> _WORK TASK_:
The required output is the stretch from the line containing "AA battery dispenser" through the line containing "Four (4) Blue" in the records below, unaltered and with no pictures.

> _EXCERPTED RECORDS_:
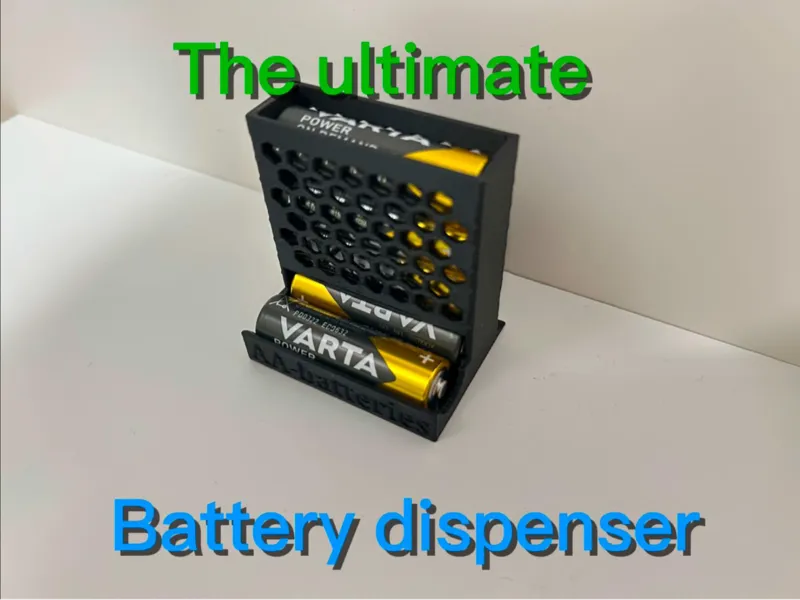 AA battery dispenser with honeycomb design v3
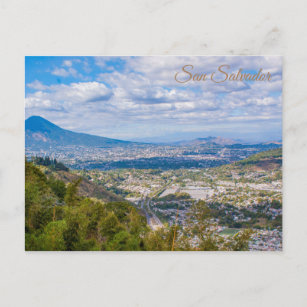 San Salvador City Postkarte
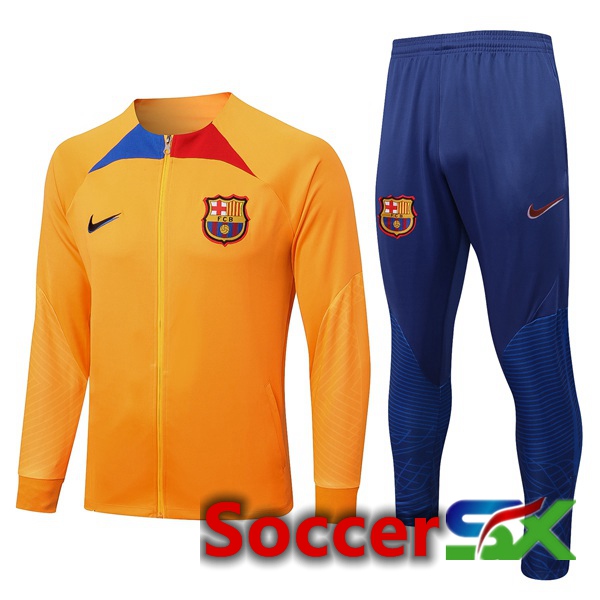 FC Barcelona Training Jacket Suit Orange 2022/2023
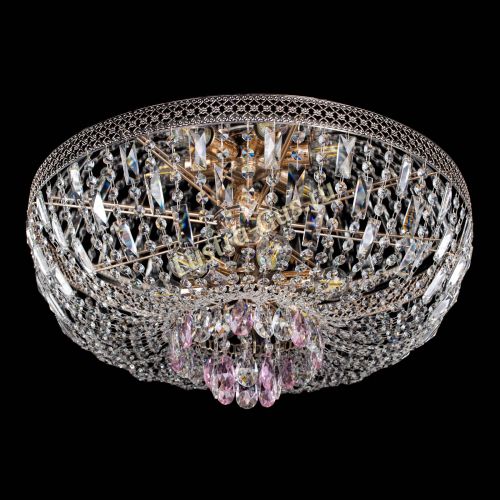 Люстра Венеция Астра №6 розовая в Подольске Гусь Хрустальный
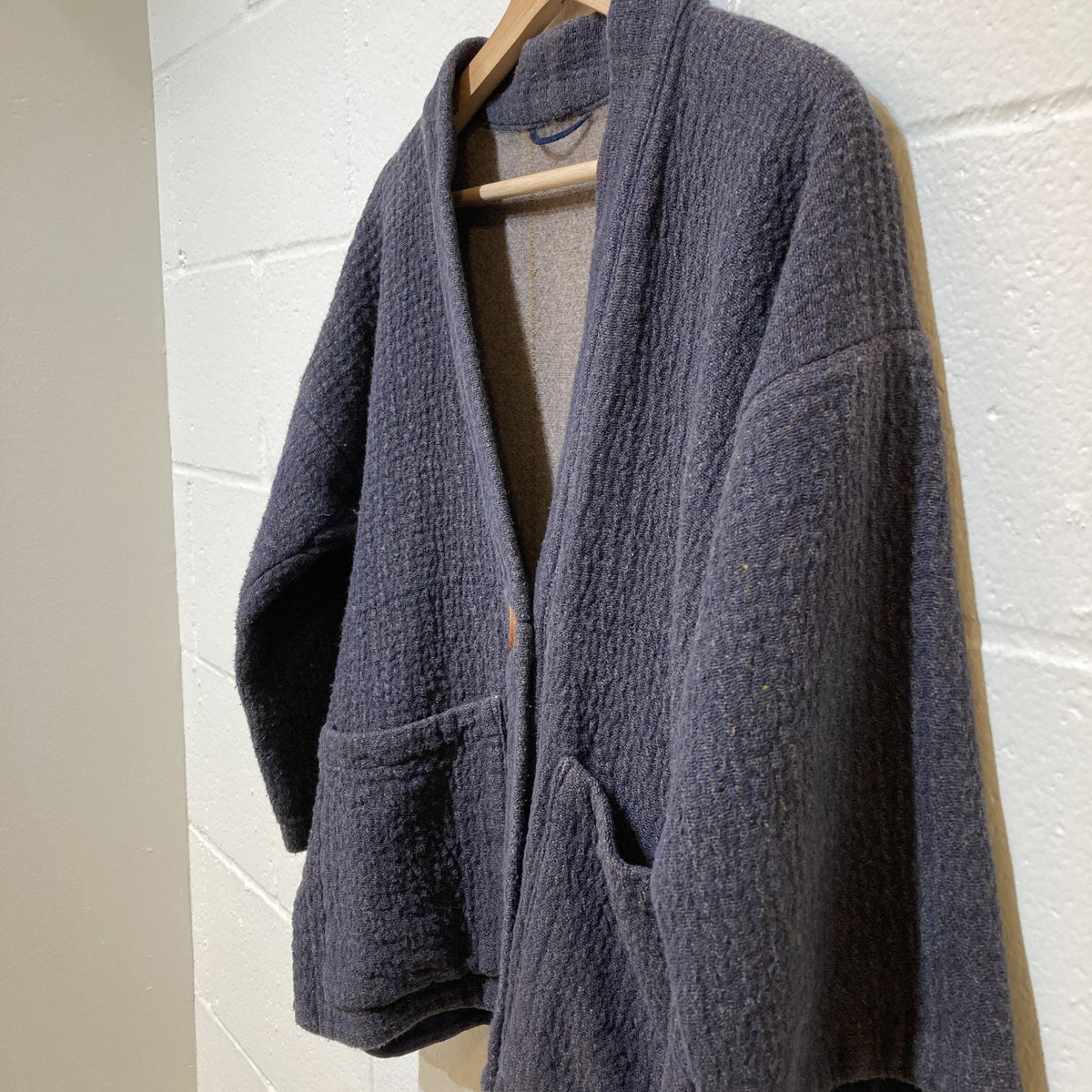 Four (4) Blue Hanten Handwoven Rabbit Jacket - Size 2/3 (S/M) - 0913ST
...
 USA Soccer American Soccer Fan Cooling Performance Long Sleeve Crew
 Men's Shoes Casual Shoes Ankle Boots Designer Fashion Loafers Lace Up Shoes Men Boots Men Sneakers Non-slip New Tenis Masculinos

> _EXERCISE OUTPUT_:
 AA battery dispenser with honeycomb design v3
 San Salvador City Postkarte
 FC Barcelona Training Jacket Suit Orange 2022/2023
 Люстра Венеция Астра №6 розовая в Подольске Гусь Хрустальный
 Four (4) Blue Hanten Handwoven Rabbit Jacket - Size 2/3 (S/M) - 0913ST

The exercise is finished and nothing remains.